**TASK BRIEF:** A word-for-word retyping of the listing below is required, with the pictures dropped.

**RAW DATA:**
===
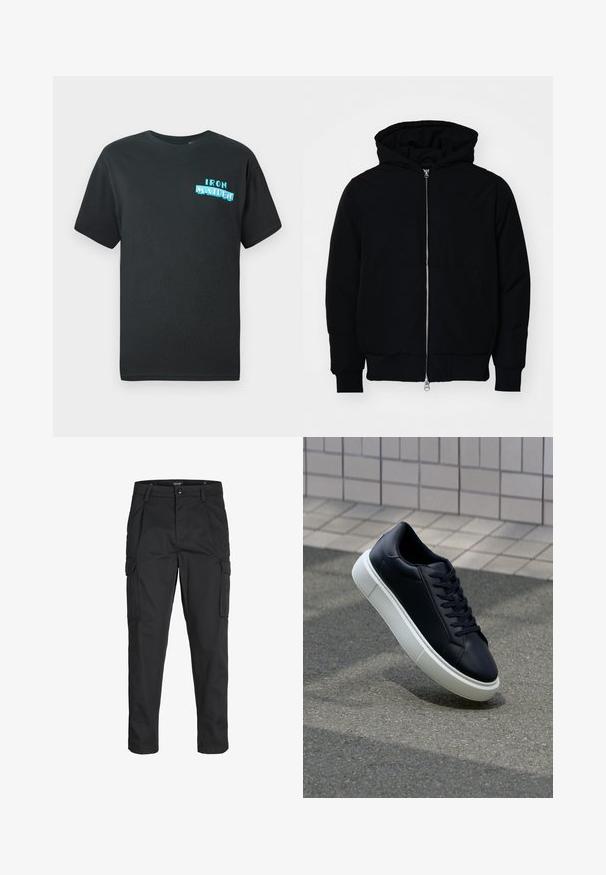 Mustaga kapuutsiga jakk, millel on esineed, kenguru tasku, soonikkoes, ja alläär, esitatud lihtsal valgel taustal.; Must musta särg lühikeste varrukatega, millel on sinine graafiline disain, millel on ees stiilsetes tähtedes kirjas "IRON MAIDEN".; Mustad mustapõlvik, mis on valmistatud tugeva koe kasutades, sisaldab mitmeid taskuid, nupule kinnitatav sulgemine ja kitsenev disain.; Mustast nahast tennisetoss, millel on ümar nina ja valge kummist tall. Omab siredaid paelu ja minimaalset õmblemist ülemises osas. Tekstuuriga tald, mis tagab haakuvuse.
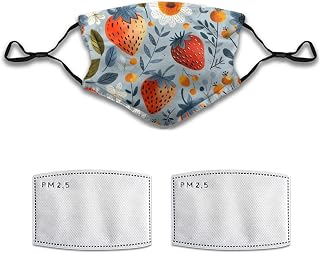 Fruit Strawberry Painting Face Mask Washable Reusable Adult Cloth Dust Mask 5-Layer Protection Activated Carbon Filter Adjustable Anti Dust Face Masks with 2 Filter for Women Men, 1 Pcs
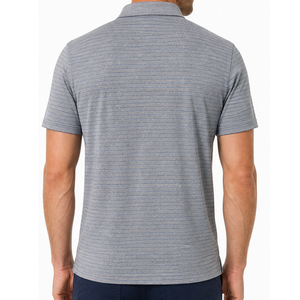 Polo pour homme gris chiné et bleu à fines rayures horizontales, manches courtes, col classique, personnalisable, respirant, pour le golf - Product Image 5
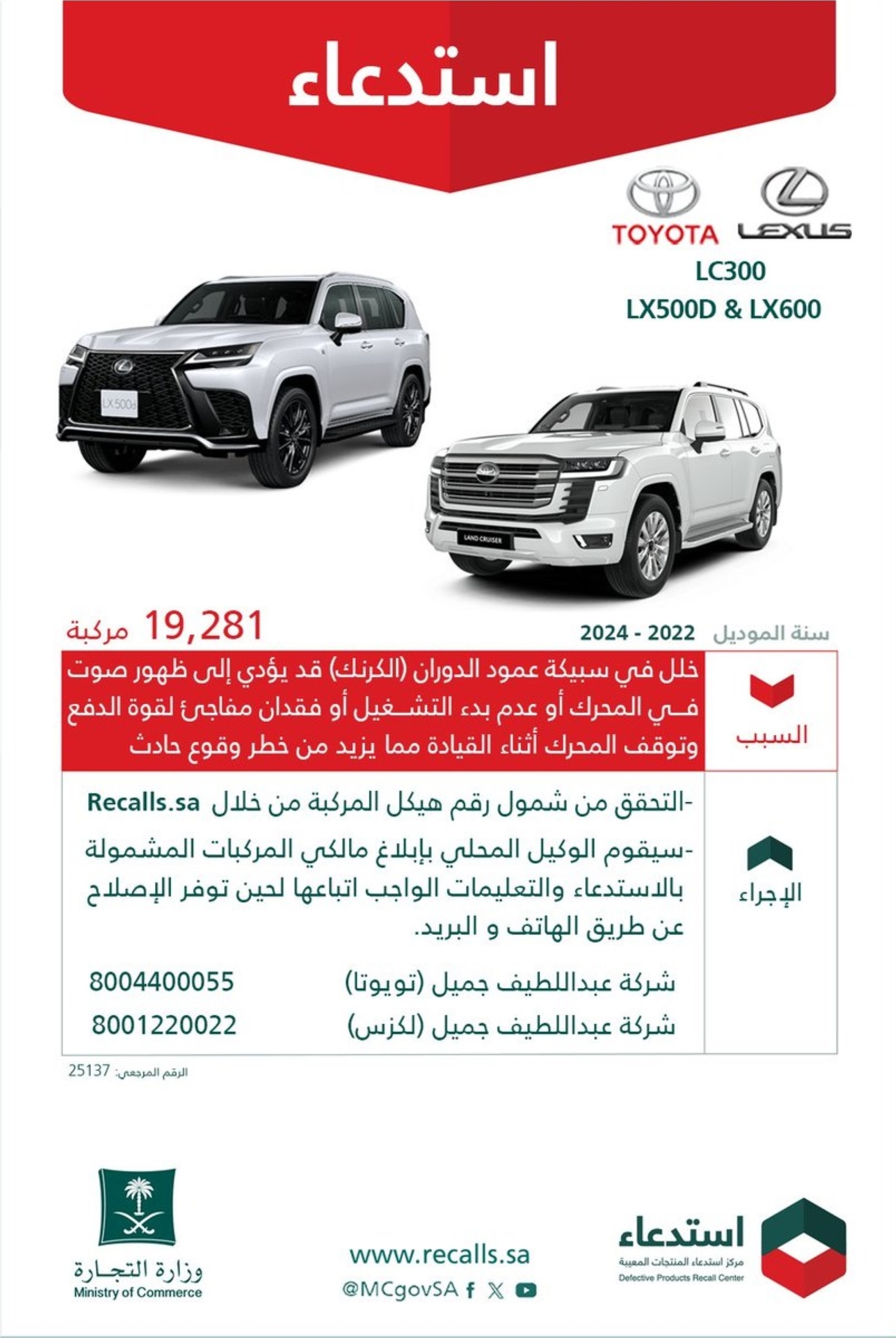 استدعاء 19 ألف سيارة "تويوتا" و"لكزس"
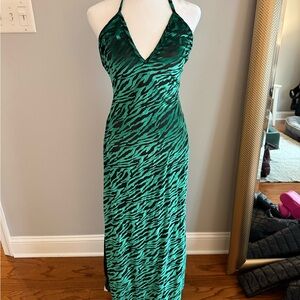 Green Zebra Print Halter Maxi Dress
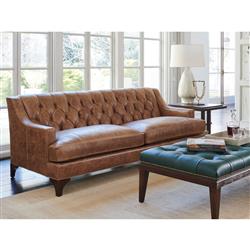 Sonoma Rustic Lodge Brown Leather Upholstered Tufted Back Sofa - 89"W|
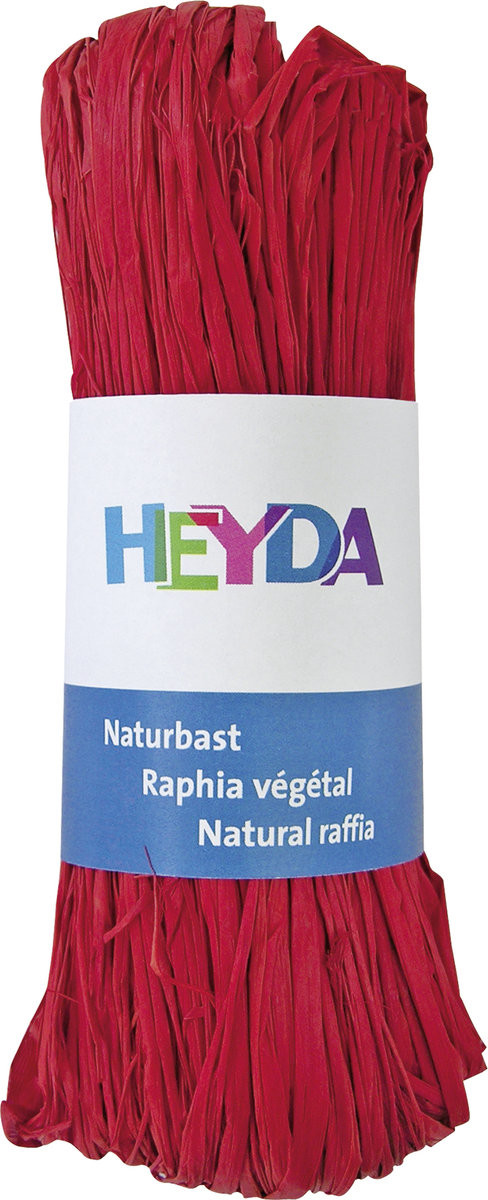 Heyda rafia naturalna 50 g, czerwona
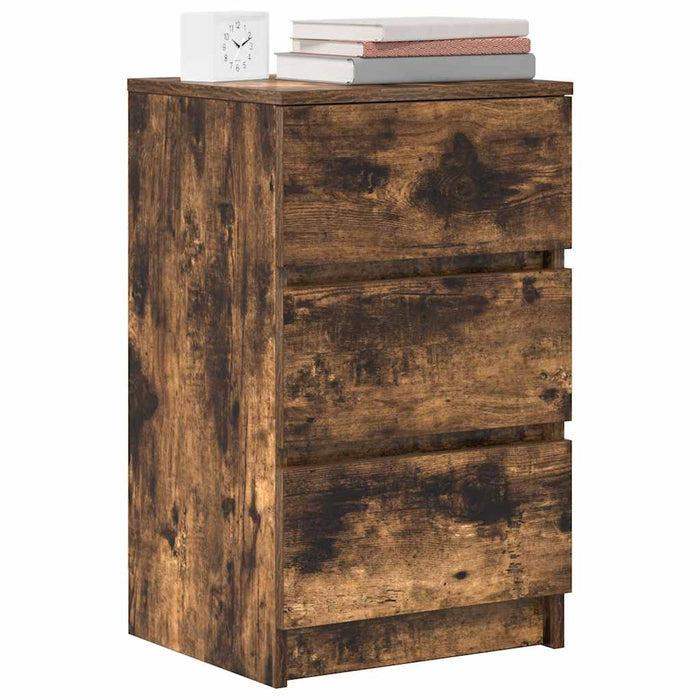 Noptiere cu 3 sertare 2 buc Stejar afumat 39x35x65 cm - WALTI WALTI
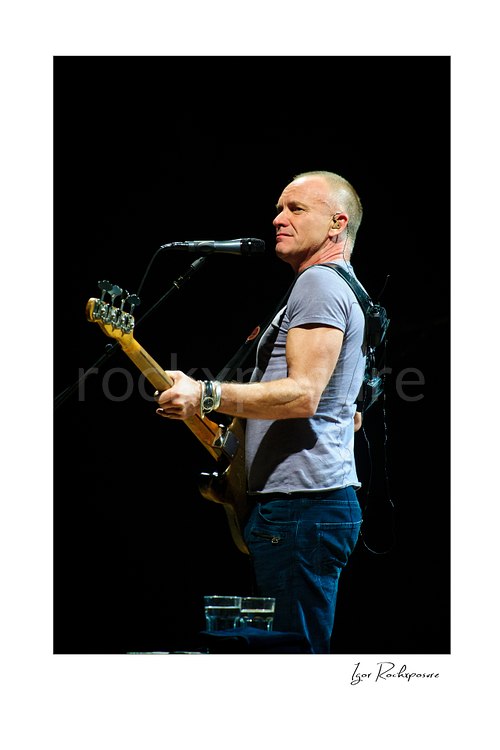 Vertical color image of Sting holding a bass guitar beside a microphone during a live performance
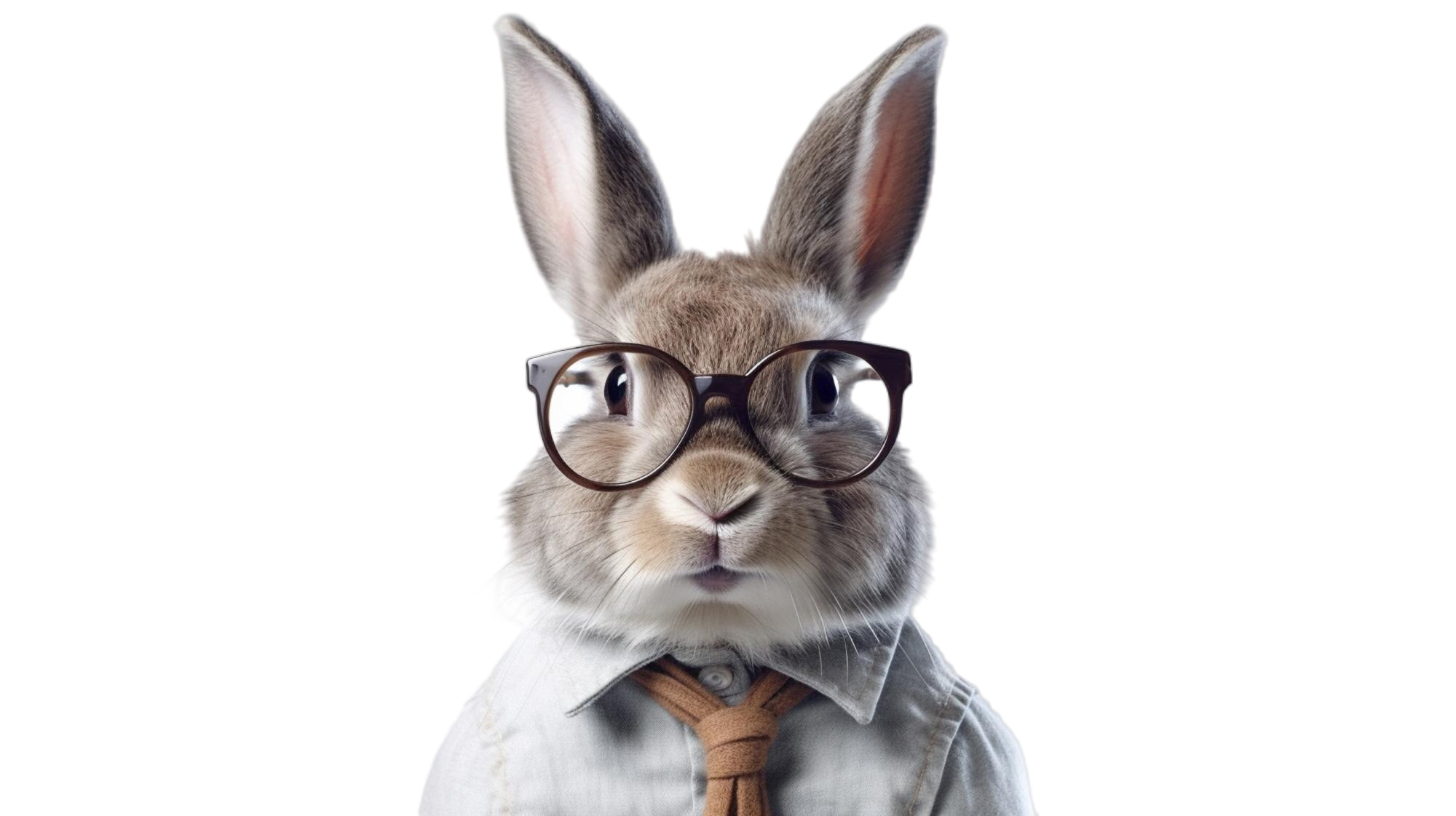 Rabbit wearing glasses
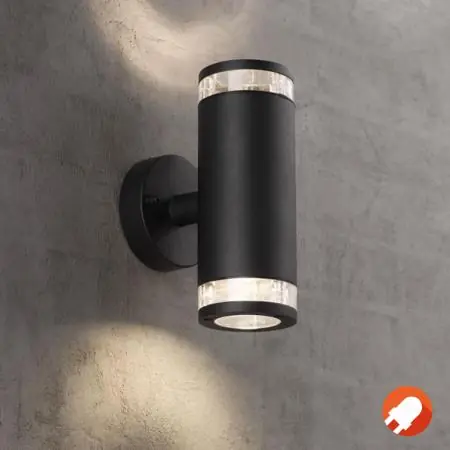 Nordlux Birk Außenwandleuchte rund Up&Dowwn in schwarz im modernen Design Rabatt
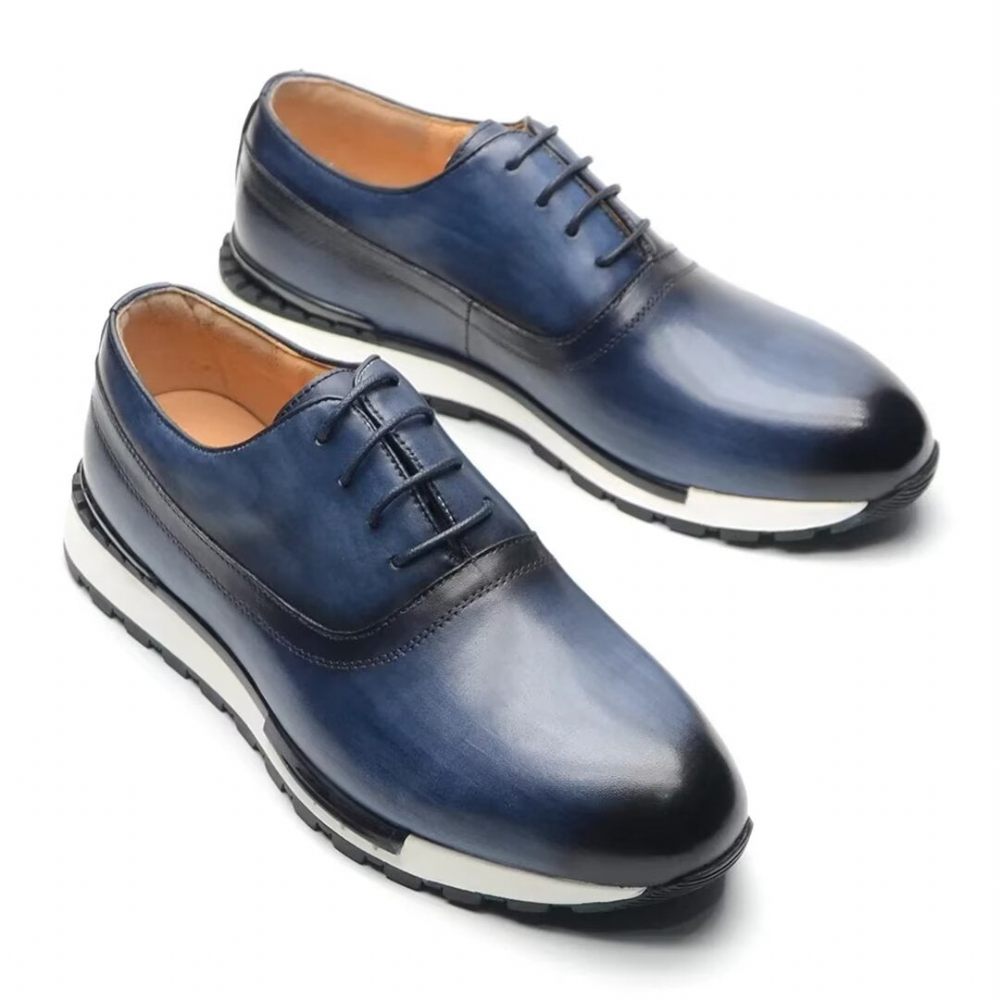 Chaussures Décontractées Pour Hommes Impressions Robe À Lacets Exotiques - Bleu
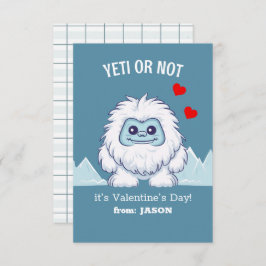 "Yeti of niet" Classroom Valentijn Note Kaart Notitiekaartje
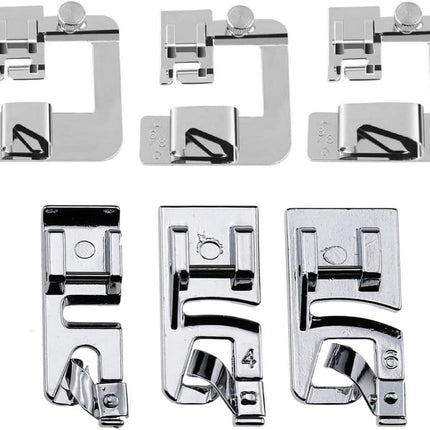 6 Sizes Rolled Hem Presser Foot, Wide Rolled Hem Foot Set & Narrow Hemmer Foot Set for All Low Shank Snap-On Singer, Brother, Babylock, Euro-Pro, Janome, Kenmore, White, Elna S.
===
**SOLUTION BELOW:**
 Mustaga kapuutsiga jakk, millel on esineed, kenguru tasku, soonikkoes, ja alläär, esitatud lihtsal valgel taustal.; Must musta särg lühikeste varrukatega, millel on sinine graafiline disain, millel on ees stiilsetes tähtedes kirjas "IRON MAIDEN".; Mustad mustapõlvik, mis on valmistatud tugeva koe kasutades, sisaldab mitmeid taskuid, nupule kinnitatav sulgemine ja kitsenev disain.; Mustast nahast tennisetoss, millel on ümar nina ja valge kummist tall. Omab siredaid paelu ja minimaalset õmblemist ülemises osas. Tekstuuriga tald, mis tagab haakuvuse.
 Fruit Strawberry Painting Face Mask Washable Reusable Adult Cloth Dust Mask 5-Layer Protection Activated Carbon Filter Adjustable Anti Dust Face Masks with 2 Filter for Women Men, 1 Pcs
 Polo pour homme gris chiné et bleu à fines rayures horizontales, manches courtes, col classique, personnalisable, respirant, pour le golf - Product Image 5
 استدعاء 19 ألف سيارة "تويوتا" و"لكزس"
 Green Zebra Print Halter Maxi Dress
 Sonoma Rustic Lodge Brown Leather Upholstered Tufted Back Sofa - 89"W|
 Heyda rafia naturalna 50 g, czerwona
 Noptiere cu 3 sertare 2 buc Stejar afumat 39x35x65 cm - WALTI WALTI
 Vertical color image of Sting holding a bass guitar beside a microphone during a live performance
 Rabbit wearing glasses
 Nordlux Birk Außenwandleuchte rund Up&Dowwn in schwarz im modernen Design Rabatt
 Chaussures Décontractées Pour Hommes Impressions Robe À Lacets Exotiques - Bleu
 "Yeti of niet" Classroom Valentijn Note Kaart Notitiekaartje
 6 Sizes Rolled Hem Presser Foot, Wide Rolled Hem Foot Set & Narrow Hemmer Foot Set for All Low Shank Snap-On Singer, Brother, Babylock, Euro-Pro, Janome, Kenmore, White, Elna S.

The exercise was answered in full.